Give a large envelope containing a set of hexagons to each group and ask them to give each member one small envelope. They must not open the envelopes yet.
Read out: “In the small envelopes, there are pieces of cardboard. Your group’s task is to exchange pieces of cardboard with each other so that you can make hexagons. The group must end up with six hexagons all of the same size. During the game, everyone must follow these rules:
- You may not ask for, or signal for any piece, held by another group member. If you want any piece, you must wait until it is freely given to you.
- You may give any piece you have to any other member of your group at any time, but you may not ask for anything in return. Please work in silence until your group has finished.
- Make sure that everyone understands these rules and show where they are displayed on the flipchart paper.
- Then say: “Go!”
While groups are working, the leader and any observers must not intervene other than making sure that the rules are being strictly observed. At the same time, the leader and observers can see how groups are progressing: noting what strategy, if any, a group is using; seeing if leadership is developing etc. Note which group completes six equal hexagons first. Allow time for all groups to finish unless they get really stuck, which can be useful in the discussion later.
Ask the small groups to stay at their tables and then request each group member to tell the others in that group in turn how they felt at the outset and at the end of the activity. Then start a second round in the group, again in turn, telling each other what they were trying to do.
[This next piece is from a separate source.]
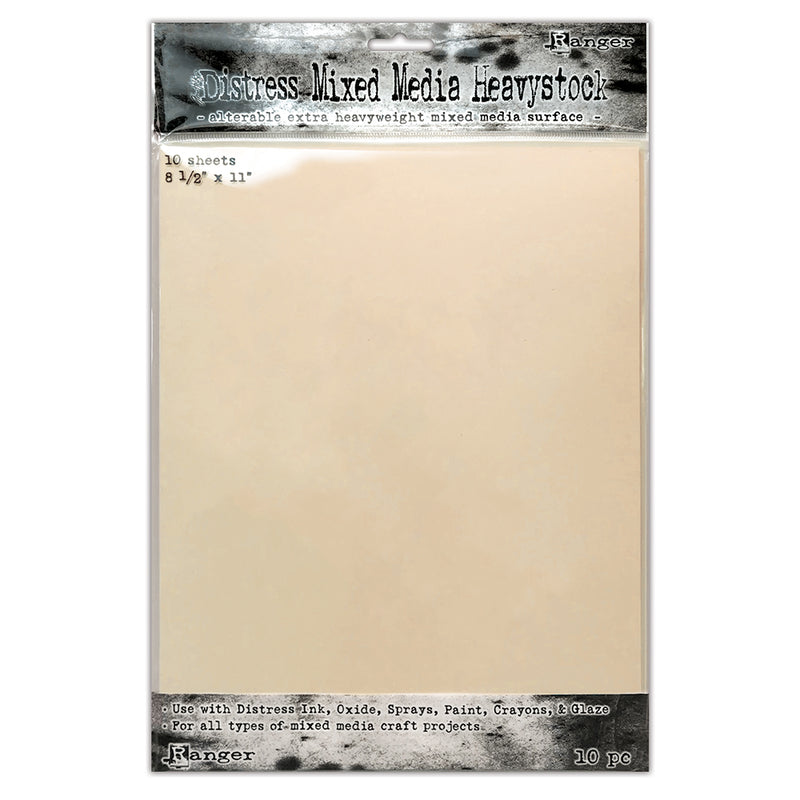 Ranger Distress 8.5X11 INCH MiXed Media Heavystock Pack of 10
Finally, encourage all the members of each group and their observers to discuss what actually happened.
Come back together as a whole group and ask for impressions, descriptions and insights about feelings and actual behaviour; including:
- How successful was it working together?
- How did you communicate?
- How did people help or obstruct each other?
- Did people take different roles in the group?
- How did co-operating make you feel?
- How does this compare to the ideal co-operative behaviour discussed beforehand?
- What actions could you change in the future?
Remove the restriction on non-verbal communication.
If you want to make any of the hexagon formats simpler to piece together, then use a symbol, map, logo or picture as a background to each unit.